Governance Assessment

  • Positive: Independent Chairman structure (no Lead Independent Director needed) enhances independent oversight; Peterson is independent under Nasdaq rules.
  • Positive: Strong committee engagement—member of Compensation and Nominating & Governance; Audit Committee chaired by a qualified financial expert (Berezovsky).
  • Positive: Attendance—each director met at least the 75% threshold across Board/committee meetings in 2024; Board held 13 meetings indicating active oversight.
  • Mixed: Board diversity gap—company does not have a diverse director and provides an explanation under Nasdaq Rule 5605(f), which may draw investor scrutiny.
  • Mixed: Director compensation increased from 2023 to 2024 (cash retainer from $55k to $75k; equity grants added); equity awards are time‑based without disclosed performance conditions—neutral for alignment but may be seen as less performance‑linked.
  • RED FLAG: Family relationship—Peterson is a cousin of former CFO Michael J. Gilbreth; while independence is affirmed, familial ties warrant monitoring for related‑party considerations.
  • Watch Item: Insider participation (~75%) in 2024 preferred financing can signal confidence but also potential conflicts if terms are not fully arm’s‑length; Audit Committee policy requires review/approval of related‑person transactions.
  • Process note: Compensation Committee does not currently use outside consultants; while cost‑conscious, some investors prefer independent advisor input on pay practices.
  • Shareholder engagement: Board recommends annual say‑on‑pay frequency (2023 proxy) and presents say‑on‑pay at 2025 annual meeting; no historical approval percentages disclosed.

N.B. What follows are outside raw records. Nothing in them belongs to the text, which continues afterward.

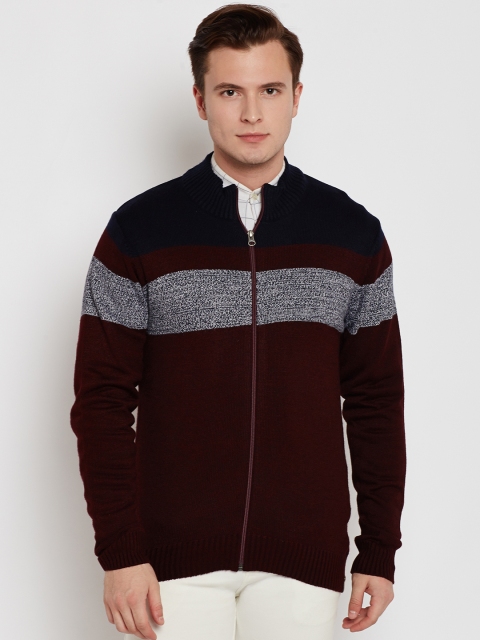 

Peter England Casuals Men Maroon & Navy Blue Striped Cardigan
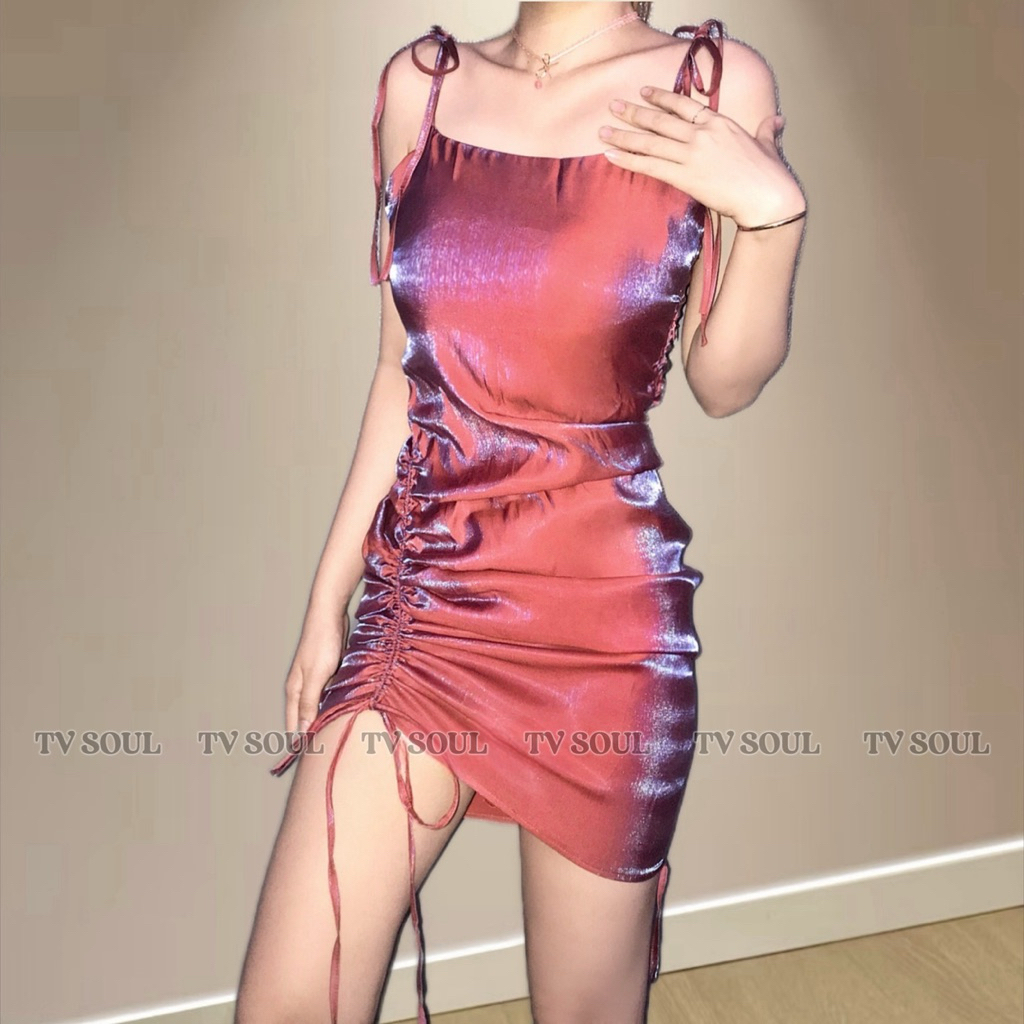 [ẢNH THẬT] Đầm Hologram dây nơ vai thiết kế dây rút 2 bên tuỳ chỉnh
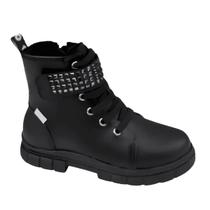 Bota Coturno Escolar Infantil Pampili Lucky Strass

Additional Board Governance Details

  • Committee Charters available on Investor page; Audit Committee responsibilities include enterprise risk oversight; Compensation Committee reviews pay mix and pay‑for‑performance for executives; Nominating & Governance manages Board composition and governance guidelines.
  • Corporate Governance overview affirms Board size, independence determinations, and risk oversight roles (Chairman meets regularly with management; Audit monitors enterprise risk).

Director Compensation Summary (Detail)

YearStock Awards ($)Option Awards ($)Total ($)
202326,400
202423,100 41,500 146,908

Notes: 2024 RSU grants (300 units; $77 per RSU) with staged vesting through Jan 1, 2026; 2024 option grants (10,000 options; $4.15 fair value per option) with staged vesting through Aug 21, 2026.

Risk Indicators & Red Flags (Monitoring List)

  • Familial tie to former CFO (cousin) → related‑party risk; monitor for any transactions or decision‑making intersections.
  • Board diversity shortfall under Nasdaq’s rule—company provides explanation; track future board refreshment.
  • Insider heavy participation in preferred stock financing—ensure Audit Committee oversight and arm’s‑length terms.
  • Section 16(a) compliance: company reports timely filings in 2024 except certain executives (not directors); continue monitoring.